5 and 6 can be deleted. She'll fly off the handle right after 4.
If she wants to deny A again. I'll just stop her and say that while she is free to tell me whatever she wants, I have to believe what I see. I really don't want to confront her on A on the basis of proof. I could ask her 10 questions on her specific whereabouts over the last week that she would have to lie about, but again without proof I'm willing to present she'd be in denial.
Is this just R talk and therefore a bad idea? Some of it is just stating boundaries and facts that may not be clear. I don't think I've been judgemental in anything above. I don't think I'm being controlling. Nowhere do I tell her to do anything. I hope it leaves her with the sense that the ball is in her court, and that doing nothing is still making a decision.
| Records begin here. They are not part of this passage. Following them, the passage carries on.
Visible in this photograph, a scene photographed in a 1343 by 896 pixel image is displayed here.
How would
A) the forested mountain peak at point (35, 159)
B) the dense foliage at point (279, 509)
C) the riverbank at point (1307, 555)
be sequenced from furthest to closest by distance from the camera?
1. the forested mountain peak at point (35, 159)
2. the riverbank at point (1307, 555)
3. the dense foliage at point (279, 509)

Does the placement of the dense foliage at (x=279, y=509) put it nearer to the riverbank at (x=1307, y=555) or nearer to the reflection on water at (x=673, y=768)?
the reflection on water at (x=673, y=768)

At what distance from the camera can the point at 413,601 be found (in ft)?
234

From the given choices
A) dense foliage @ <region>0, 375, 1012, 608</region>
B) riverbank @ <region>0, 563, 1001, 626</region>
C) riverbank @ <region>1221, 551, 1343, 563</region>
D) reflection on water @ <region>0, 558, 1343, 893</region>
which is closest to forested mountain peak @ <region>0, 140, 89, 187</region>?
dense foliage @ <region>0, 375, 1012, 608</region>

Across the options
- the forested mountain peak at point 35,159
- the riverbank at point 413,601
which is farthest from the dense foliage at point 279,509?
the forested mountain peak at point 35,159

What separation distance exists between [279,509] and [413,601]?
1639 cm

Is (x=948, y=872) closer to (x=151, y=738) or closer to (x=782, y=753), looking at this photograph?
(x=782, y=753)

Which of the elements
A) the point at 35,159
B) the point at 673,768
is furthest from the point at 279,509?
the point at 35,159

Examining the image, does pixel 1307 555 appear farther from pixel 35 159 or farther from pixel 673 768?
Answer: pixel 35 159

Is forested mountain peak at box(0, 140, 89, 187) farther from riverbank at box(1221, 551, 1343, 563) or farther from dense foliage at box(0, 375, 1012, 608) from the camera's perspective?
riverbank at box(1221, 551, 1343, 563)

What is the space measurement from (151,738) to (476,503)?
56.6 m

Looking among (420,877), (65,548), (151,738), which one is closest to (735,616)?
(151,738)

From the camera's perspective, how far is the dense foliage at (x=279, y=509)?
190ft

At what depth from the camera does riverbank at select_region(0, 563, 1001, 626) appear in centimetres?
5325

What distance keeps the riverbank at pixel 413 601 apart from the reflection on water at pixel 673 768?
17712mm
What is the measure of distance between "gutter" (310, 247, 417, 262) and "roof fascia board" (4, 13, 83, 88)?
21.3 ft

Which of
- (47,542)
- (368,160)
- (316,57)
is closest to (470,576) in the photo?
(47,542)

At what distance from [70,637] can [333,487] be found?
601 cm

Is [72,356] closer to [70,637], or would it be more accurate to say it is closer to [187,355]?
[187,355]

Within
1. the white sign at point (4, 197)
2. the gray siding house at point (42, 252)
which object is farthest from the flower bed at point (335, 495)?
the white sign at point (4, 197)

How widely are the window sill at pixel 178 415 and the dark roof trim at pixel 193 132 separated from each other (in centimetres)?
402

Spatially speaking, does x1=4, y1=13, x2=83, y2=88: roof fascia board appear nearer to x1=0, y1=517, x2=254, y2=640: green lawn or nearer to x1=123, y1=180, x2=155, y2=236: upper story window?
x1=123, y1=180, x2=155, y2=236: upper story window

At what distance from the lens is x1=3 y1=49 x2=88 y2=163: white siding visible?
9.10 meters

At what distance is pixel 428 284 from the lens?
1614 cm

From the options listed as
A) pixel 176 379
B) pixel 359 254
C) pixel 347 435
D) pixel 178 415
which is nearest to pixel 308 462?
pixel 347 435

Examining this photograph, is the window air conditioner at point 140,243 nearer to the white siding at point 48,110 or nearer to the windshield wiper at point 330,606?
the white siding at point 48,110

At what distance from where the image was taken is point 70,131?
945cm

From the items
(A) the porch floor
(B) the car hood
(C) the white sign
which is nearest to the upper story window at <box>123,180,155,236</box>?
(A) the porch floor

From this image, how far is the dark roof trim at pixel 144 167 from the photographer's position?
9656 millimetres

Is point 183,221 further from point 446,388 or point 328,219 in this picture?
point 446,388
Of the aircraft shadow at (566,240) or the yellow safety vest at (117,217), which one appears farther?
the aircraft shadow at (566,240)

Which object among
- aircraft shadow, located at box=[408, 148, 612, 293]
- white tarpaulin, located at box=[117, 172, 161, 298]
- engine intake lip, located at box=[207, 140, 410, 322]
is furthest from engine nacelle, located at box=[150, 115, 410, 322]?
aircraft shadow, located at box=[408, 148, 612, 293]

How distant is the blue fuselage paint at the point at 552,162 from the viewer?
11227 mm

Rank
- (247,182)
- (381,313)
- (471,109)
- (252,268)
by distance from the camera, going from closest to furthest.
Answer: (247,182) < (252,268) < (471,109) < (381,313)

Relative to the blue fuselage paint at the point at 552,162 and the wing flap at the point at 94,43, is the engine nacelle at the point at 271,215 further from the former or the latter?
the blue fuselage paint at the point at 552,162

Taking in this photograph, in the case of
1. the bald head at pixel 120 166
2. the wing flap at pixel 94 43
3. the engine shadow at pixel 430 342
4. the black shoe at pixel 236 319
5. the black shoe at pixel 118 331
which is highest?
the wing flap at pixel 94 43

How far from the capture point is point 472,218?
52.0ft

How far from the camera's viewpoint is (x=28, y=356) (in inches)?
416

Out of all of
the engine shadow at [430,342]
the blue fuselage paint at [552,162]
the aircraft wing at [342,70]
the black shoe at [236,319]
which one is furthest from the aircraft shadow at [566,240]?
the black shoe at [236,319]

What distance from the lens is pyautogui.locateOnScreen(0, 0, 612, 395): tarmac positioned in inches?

There is no ultimatum in here, and no deadline. Do I expect it to make her change anything? No. Hope to clarify that either actively or passively, choices are being made.
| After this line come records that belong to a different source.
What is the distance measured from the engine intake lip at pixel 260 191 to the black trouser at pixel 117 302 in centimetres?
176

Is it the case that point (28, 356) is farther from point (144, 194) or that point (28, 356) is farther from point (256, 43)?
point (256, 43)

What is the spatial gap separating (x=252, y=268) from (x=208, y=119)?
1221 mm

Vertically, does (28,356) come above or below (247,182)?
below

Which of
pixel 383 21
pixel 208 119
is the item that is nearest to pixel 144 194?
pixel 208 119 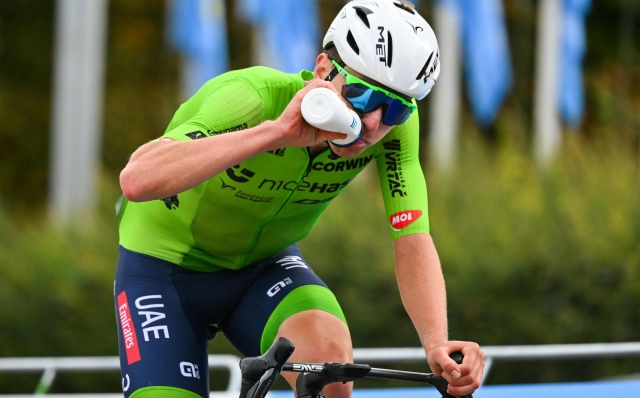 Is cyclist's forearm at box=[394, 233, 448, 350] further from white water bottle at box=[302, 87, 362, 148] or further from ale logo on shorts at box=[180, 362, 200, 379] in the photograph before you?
white water bottle at box=[302, 87, 362, 148]

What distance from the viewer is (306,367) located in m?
3.13

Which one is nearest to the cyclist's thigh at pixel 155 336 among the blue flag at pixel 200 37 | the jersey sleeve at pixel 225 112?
the jersey sleeve at pixel 225 112

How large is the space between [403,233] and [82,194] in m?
10.4

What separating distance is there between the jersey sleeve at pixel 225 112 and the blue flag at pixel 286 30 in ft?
37.6

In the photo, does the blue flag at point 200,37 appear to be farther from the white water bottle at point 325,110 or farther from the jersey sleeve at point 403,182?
the white water bottle at point 325,110

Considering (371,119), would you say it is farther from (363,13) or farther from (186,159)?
(186,159)

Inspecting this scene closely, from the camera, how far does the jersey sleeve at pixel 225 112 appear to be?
10.9 feet

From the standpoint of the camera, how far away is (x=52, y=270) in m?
10.9

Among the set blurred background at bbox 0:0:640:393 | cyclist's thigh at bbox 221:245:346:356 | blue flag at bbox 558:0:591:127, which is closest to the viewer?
cyclist's thigh at bbox 221:245:346:356

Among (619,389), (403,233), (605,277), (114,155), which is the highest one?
(403,233)

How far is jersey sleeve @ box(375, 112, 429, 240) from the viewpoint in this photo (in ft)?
12.6

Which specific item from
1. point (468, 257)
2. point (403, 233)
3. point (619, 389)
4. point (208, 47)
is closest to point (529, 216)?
point (468, 257)

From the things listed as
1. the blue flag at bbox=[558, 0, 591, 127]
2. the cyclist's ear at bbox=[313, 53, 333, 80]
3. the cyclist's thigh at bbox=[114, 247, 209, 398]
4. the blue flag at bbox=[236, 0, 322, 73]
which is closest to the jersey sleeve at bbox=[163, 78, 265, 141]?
the cyclist's ear at bbox=[313, 53, 333, 80]

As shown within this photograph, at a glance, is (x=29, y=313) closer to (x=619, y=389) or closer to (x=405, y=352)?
(x=405, y=352) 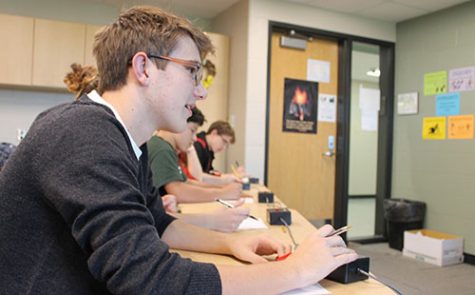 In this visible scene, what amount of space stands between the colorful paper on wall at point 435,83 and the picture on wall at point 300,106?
1116mm

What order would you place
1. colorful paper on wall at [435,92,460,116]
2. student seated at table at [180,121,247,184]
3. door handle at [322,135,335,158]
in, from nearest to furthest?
student seated at table at [180,121,247,184], colorful paper on wall at [435,92,460,116], door handle at [322,135,335,158]

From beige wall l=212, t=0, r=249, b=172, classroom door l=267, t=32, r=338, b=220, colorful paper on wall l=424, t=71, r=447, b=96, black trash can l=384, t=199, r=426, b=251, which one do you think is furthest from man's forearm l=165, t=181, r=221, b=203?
colorful paper on wall l=424, t=71, r=447, b=96

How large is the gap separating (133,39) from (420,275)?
314cm

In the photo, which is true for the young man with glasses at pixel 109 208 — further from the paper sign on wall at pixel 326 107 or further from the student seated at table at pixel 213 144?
the paper sign on wall at pixel 326 107

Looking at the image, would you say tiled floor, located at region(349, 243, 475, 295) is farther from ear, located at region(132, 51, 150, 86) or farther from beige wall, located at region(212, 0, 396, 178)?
ear, located at region(132, 51, 150, 86)

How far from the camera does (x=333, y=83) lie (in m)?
4.28

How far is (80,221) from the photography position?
63 cm

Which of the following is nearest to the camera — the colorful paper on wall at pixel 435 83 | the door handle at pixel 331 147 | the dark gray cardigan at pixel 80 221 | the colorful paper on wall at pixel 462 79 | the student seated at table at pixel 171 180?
the dark gray cardigan at pixel 80 221

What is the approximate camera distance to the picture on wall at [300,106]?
4.05 m

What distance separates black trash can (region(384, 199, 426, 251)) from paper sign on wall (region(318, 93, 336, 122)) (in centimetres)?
110

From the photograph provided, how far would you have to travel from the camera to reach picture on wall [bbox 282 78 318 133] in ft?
13.3

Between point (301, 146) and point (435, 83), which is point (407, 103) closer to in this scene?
point (435, 83)

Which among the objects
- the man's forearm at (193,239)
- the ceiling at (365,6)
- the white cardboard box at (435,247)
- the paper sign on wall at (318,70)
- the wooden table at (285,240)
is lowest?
the white cardboard box at (435,247)

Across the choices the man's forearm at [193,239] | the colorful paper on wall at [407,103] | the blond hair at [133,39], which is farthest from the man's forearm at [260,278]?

Again, nobody has ever said D. We are in this limbo. W was with OM again yesterday. Afterward she told a friend that she thinks OM wants to get caught. (to end A? to end his M to be with my W? who knows) Then she said she feels guilty, she wondered if her life with me was really that bad. I want to encourage that kind of thinking and I don't want to screw up.
Hoping Starsky will weigh in - is this just me overthinking again, looking for magic words? Some of this just hasn't been said and doesn't seem to be clear to her.
Or am I better off to just STFU and have her incorrectly assume whatever she wants.